Why The Wall Street Journal Claims Politicians Are Grandstanding on Credit Cards?

October 2009
Markey, BetsyGee thanks, Mark Udall and Betsy Markey. But where were you during all those months when people were complaining that credit card companies were jacking up their rates? And what were you thinking, Senate Banking Chairman Chris Dodd, when you gave credit-card banks all that time to adjust to new consumer protections that would prevent companies from increasing interest rates on their customers without notice? That's more or less the tone of this Wall Street Journal article, which highlights lawmakers' latest efforts to stop banks from gouging consumers before a law goes into effect three months from now. "At a time when families are struggling to make ends meet, jacked up rates can quickly create crushing debt," Dodd says in a statement.
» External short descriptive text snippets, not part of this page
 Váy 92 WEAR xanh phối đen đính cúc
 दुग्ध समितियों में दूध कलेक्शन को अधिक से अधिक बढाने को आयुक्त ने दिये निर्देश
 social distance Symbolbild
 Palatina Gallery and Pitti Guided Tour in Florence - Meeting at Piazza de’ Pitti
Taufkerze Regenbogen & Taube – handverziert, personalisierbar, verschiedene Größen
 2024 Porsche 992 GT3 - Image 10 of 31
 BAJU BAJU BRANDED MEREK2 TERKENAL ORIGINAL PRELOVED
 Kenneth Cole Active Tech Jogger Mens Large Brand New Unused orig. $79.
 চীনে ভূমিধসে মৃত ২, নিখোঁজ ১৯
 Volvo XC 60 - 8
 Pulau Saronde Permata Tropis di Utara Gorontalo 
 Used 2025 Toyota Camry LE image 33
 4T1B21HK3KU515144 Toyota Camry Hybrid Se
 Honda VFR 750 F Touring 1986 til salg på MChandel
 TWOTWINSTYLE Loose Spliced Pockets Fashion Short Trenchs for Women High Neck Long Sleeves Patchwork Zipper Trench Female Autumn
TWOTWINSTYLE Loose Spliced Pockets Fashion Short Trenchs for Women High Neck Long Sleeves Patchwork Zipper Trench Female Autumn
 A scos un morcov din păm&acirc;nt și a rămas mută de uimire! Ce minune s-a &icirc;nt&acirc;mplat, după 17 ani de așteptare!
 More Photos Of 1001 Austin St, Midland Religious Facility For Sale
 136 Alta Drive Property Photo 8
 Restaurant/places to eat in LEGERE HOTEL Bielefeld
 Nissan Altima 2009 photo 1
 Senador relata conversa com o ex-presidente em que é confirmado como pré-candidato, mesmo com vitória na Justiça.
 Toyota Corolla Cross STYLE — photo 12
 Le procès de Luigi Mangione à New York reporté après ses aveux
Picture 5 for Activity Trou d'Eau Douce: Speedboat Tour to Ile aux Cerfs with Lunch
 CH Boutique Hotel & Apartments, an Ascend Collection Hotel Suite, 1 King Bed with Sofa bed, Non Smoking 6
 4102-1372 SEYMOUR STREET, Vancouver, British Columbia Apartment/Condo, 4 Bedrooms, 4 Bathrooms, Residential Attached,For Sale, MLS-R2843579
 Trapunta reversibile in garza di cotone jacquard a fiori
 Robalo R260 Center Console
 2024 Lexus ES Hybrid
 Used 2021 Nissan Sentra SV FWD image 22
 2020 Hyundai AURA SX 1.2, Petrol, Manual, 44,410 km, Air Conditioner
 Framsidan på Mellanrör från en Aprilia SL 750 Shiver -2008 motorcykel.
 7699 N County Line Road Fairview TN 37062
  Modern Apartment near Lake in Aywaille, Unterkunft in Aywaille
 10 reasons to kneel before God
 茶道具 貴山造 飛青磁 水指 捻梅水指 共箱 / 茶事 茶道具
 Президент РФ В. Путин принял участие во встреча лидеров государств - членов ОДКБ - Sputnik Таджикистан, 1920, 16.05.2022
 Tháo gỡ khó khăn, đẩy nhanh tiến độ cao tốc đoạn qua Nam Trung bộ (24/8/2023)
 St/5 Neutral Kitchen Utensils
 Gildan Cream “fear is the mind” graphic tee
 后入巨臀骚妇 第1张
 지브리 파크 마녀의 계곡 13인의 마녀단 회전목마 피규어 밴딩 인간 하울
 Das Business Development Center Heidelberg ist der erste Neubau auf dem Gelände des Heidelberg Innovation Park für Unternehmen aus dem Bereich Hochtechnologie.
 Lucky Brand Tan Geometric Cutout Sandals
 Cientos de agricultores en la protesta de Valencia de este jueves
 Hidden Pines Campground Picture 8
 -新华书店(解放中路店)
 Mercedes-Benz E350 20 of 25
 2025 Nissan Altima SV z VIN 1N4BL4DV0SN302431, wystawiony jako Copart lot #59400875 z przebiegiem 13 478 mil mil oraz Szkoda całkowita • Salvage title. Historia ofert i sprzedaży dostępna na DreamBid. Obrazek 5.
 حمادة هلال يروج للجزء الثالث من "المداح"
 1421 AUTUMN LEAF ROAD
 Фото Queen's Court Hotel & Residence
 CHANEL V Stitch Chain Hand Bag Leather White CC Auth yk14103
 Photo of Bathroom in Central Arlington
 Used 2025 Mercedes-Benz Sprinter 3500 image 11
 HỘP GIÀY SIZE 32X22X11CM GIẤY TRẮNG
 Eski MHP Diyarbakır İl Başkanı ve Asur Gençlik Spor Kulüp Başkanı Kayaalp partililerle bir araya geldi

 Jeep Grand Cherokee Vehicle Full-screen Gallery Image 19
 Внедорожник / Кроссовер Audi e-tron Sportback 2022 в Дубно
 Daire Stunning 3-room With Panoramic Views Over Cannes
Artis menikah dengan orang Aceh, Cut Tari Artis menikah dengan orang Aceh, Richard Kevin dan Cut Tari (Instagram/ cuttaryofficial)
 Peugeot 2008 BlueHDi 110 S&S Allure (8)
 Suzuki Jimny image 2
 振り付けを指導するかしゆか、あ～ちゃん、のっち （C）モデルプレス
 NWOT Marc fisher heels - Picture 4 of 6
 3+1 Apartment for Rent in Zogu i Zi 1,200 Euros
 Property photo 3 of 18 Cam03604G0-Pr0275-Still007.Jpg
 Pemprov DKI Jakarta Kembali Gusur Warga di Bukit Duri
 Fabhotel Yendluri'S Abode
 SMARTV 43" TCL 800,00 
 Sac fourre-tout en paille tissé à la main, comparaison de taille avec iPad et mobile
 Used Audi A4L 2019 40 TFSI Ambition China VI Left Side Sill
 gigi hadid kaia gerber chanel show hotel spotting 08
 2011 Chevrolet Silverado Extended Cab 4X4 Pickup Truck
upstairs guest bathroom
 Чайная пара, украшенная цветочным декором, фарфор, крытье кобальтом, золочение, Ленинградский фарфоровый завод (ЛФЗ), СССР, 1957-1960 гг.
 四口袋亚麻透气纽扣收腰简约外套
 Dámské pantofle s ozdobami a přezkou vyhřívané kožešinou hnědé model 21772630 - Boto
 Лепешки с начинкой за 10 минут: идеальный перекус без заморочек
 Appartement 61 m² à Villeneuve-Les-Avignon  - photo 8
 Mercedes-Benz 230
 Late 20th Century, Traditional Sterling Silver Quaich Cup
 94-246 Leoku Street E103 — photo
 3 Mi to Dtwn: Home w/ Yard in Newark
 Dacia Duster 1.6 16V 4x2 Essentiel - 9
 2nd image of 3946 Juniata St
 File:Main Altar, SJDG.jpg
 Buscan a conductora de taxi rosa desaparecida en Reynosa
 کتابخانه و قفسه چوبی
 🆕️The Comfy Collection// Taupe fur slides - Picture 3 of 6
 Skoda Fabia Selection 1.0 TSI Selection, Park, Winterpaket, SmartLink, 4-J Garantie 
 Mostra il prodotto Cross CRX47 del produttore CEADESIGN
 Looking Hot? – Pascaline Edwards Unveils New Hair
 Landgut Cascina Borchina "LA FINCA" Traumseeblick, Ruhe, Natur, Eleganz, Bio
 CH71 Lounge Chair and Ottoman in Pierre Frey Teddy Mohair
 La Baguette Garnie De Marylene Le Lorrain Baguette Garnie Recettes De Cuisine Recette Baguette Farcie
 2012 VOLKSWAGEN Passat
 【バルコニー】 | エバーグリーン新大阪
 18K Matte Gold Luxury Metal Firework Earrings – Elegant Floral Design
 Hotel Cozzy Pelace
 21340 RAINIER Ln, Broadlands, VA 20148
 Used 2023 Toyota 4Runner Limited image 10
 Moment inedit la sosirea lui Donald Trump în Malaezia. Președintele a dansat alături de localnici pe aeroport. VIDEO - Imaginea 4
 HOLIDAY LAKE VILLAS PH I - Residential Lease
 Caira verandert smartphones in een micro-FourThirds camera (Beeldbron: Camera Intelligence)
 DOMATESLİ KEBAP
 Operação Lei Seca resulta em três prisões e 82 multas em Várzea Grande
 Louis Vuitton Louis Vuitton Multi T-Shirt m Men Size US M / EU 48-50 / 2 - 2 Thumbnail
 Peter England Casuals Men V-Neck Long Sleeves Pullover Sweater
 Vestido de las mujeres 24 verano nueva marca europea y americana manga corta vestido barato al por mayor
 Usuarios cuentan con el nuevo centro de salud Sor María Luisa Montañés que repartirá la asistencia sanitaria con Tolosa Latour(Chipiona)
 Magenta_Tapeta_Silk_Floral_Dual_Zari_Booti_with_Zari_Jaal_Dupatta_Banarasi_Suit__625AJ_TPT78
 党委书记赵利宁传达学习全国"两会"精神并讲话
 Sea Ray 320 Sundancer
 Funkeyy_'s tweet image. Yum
The Journal responds: "If customers are being taken to the cleaners, it is because lawmakers like Mr. Dodd sent them there," adding that Dodd's words are, in essence, political grandstanding. Moreover, the Journal concludes that new legislation is unlikely because it, too, would probably hurt consumers. Still, lawmakers are trying, including U.S. Senator Udall and U.S. Representative Markey (pictured), both Colorado Democrats, as The Denver Post reports. Meanwhile, if you're pinched by a credit card, or considering applying for one, perhaps the best way to help yourself is to abandon the big commercial banks for a responsible credit union, suggests Forbes, citing a new study by Pew Health Group. The study finds the median interest rates for credit cards from the nation's largest credit unions are 20 percent lower than those for bank-issued cards.